# Minimum height requirement for sar dogs



## Sarah Platts (Jan 12, 2010)

I was reading a newspaper article and ran across this statement: 

"Any dog, provided it meets the height requirement, can work for MISAR."

So being a curious person, I checked their site and they have a minimum shoulder height of 15 inches for dogs on their team. 

Does anyone know of other teams that have a stated minimum height requirement? And the second question is does anyone have a dog working on their team that is under 15 inches?


----------



## Kimberly Grimm (Aug 23, 2013)

Nothing stated that I'm aware of. Don't know that we've had anyone with a small dog even try to join the team.


----------



## Nancy Jocoy (Apr 19, 2006)

We do not have a requirement; we do have a small dog training in HRD.

We do not say "any dog"; it must pass a screening test for drive and temperament and be healthy


----------



## Carraig Stanwyck (Jan 15, 2014)

The training officer on the our team here in MO picked up a border collie as a pup that turned out to be a runt and is smaller than 15" at the shoulder. It is about the size of a corgi, however the extreme drive and energy level have still allowed it to excel. Its specialization is HRD.

I am still new at SAR, but it seems logical that drive should trump size, and that in some cases, the smaller size can even be beneficial. That little border collie or hers can walk over rubble the other team dogs could only dream of, and it seems to cover ground faster than even the GSDs on the team when it comes to wide area HRD.

-C


----------



## Jim Delbridge (Jan 27, 2010)

Never heard of an official height requirement. I can think of some human members that this would have been handy. I taught at one seminar with a JRT that would have failed this test, but was crackerjack on the scenarios.
Early on there was a breeder that had multiple Skipperkees (sp?) that she swore each had a search specialty. Many of us enjoyed making jokes of what to do with 1001 Skipperkees. I saw the house shoe joke used with cats recently in a TV commercial.

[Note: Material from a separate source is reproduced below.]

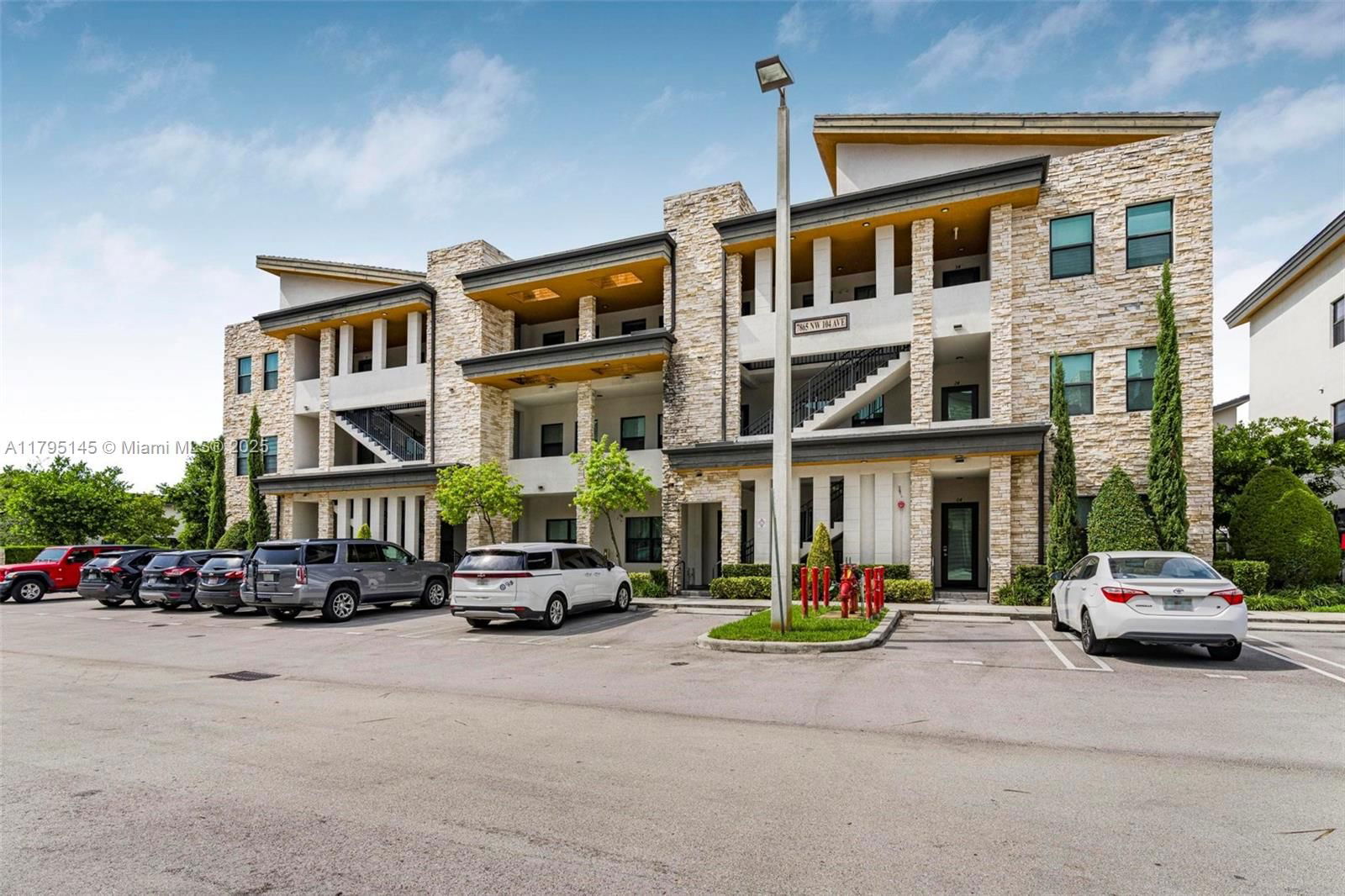 Real estate property located at 7865 104th Ave #33, Miami-dade, Apex At Park Central, Doral, FL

Over the years, I've come to the opinion that most US domestically conformation dogs don't have what it takes as the work ethic is being bred out of them for a kindler, gentler creature. Many of what is brought from overseas is no better, but if it comes from Germany or the surrounding slavik states, owners swear it must be good.

As long as the dog can physically do the work required, it's what is in the head that's important, both nose and brains.

Jim Delbridge


----------



## mel boschwitz (Apr 23, 2010)

Theres a gal in Florida uses a basset hound for HR.

Several years ago I heard that Japan certified a chihuaha as a Disaster dog.

We dont have a height requirement either. Drive and ability should trump size


----------



## Sarah Platts (Jan 12, 2010)

I know the basset hound lady. Had the opportunity to watch it work. Nice Dog even if it can't leap tall buildings in a single bound.


----------



## Meg O'Donovan (Aug 20, 2012)

We've had two Schipperkes. The current dog is, in all the good ways, a mini-Belgian. He equals my Malinois in drive and tug-craziness. It is hilarious to watch them play because she towers over him, but he is as fast as she is. I see the potential in him to do more than be a pet, but haven't given him the time & effort to develop it (he's my teenage daughter's dog). He has the same focus and persistence and enjoyment in using his nose that I see in my Malinois SAR dog.

The size requirement might depend on what kind of SAR. For the wilderness air-scenting, size could be a factor because the bigger dogs can just leap over the deadfall and climb up the rock faces. For the little dogs, they would tire sooner because they would have to double the effort to get places. 

For HR, where the pace is more painstaking, a Schipp would be fine.I wonder if smaller dogs are also okay for disaster? (I don't know, so I'm asking).


----------



## Nancy Jocoy (Apr 19, 2006)

I don't know. I can see some issues with small - such as harder to get nose to water on a boat (but a whole lot easier to pull back in if they fall) and some issues on higher up for building search - but -

They can fit into a fox den which may be a plus and could sure work around inside a car and get up under it better.

It seems to me they could be a complement. I agree on the wilderness - it would depend on how well they could cover the terrain.

At some point, I don't know just how much difference the smaller surface area of the nasal epithelia would make. Does a dog with a big snoot actually have better scent detecion? The bloodhound folks would argue they did.


----------



## mel boschwitz (Apr 23, 2010)

Nancy Jocoy said:


> Does a dog with a big snoot actually have better scent detecion? The bloodhound folks would argue they did.


Hey now Nancy, I'm a bloodhound folk and don't agree with that. It's not the size of the snout that matters, it's the hunt in the dog.  I just like that scenthounds have been bred just about exclusively to hunt scent, and in particular, bh's have been bred for hundreds of years to hunt human scent (let's not get into recent years and the AKC aberation. Lol. ) I think the way they are shaped makes it easier for them to do the job asked of them. And I enjoy their pigheadedness. ](*,)

On the other end, those big monster hounds and other dogs are frequently just too darn big to be able to maneuver in rough terrain. My current prospect is almost undersized for a bh, but he's one of the most agile dogs I've worked with, bh or otherwise.


----------



## Bob Scott (Mar 30, 2006)

Carraig, may I ask what team your talking about in Missouri?


----------



## Carraig Stanwyck (Jan 15, 2014)

Bob Scott said:


> Carraig, may I ask what team your talking about in Missouri?


Sent PM


----------



## Bob Scott (Mar 30, 2006)

Got it. Thanks!


----------